_Extracted entries_:
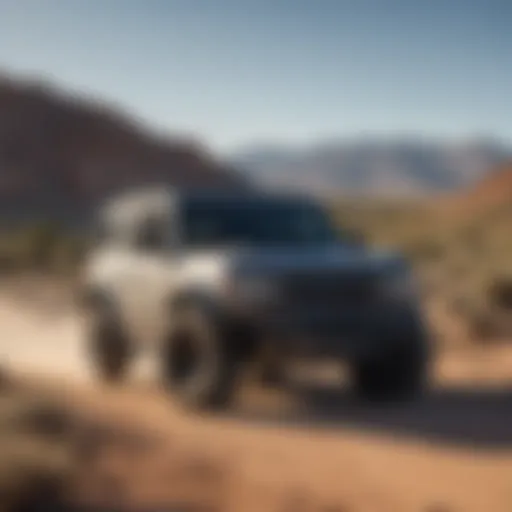 An In-Depth Look at the 2021 Bronco in Cactus Grey Introduction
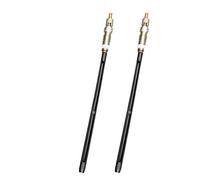 milKit Unisexe MKC0175 Essentials, Noir, 75 mm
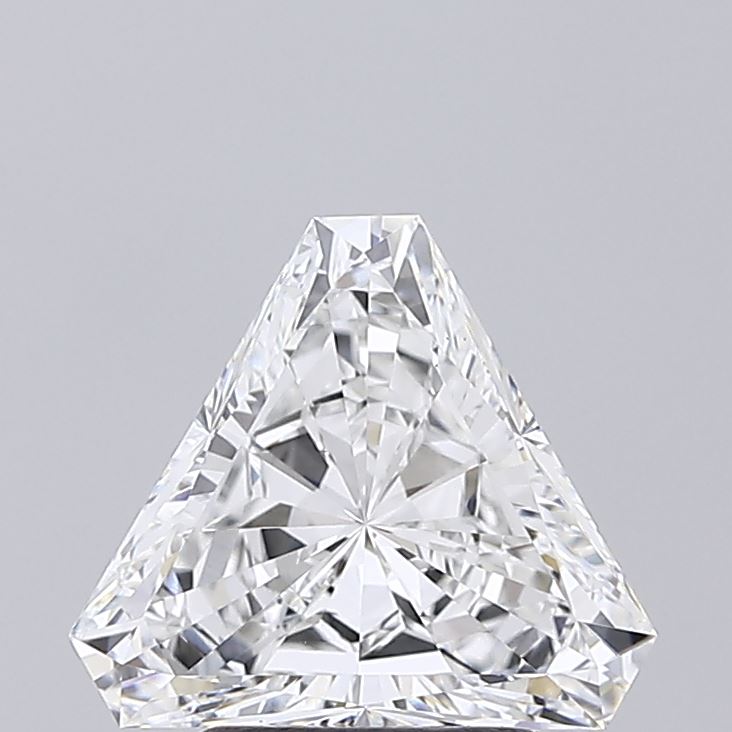 2.34ct Triangle Diamond — IGI Certified · LG756503125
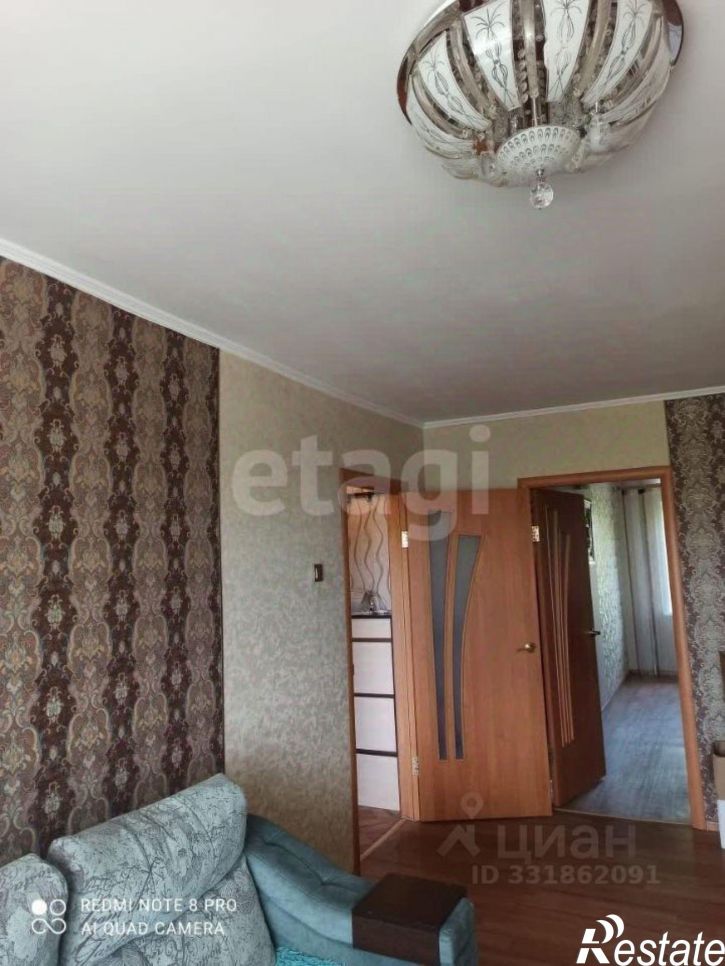 2-комн квартира ул Новогодняя, 23,  д. 23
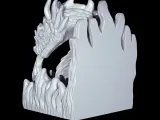 DRAGON BOOK END-8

_What is required_: Repeat all of the data above word for word, minus the pictures.

_Output for this task_:
 An In-Depth Look at the 2021 Bronco in Cactus Grey Introduction
 milKit Unisexe MKC0175 Essentials, Noir, 75 mm
 2.34ct Triangle Diamond — IGI Certified · LG756503125
 2-комн квартира ул Новогодняя, 23,  д. 23
 DRAGON BOOK END-8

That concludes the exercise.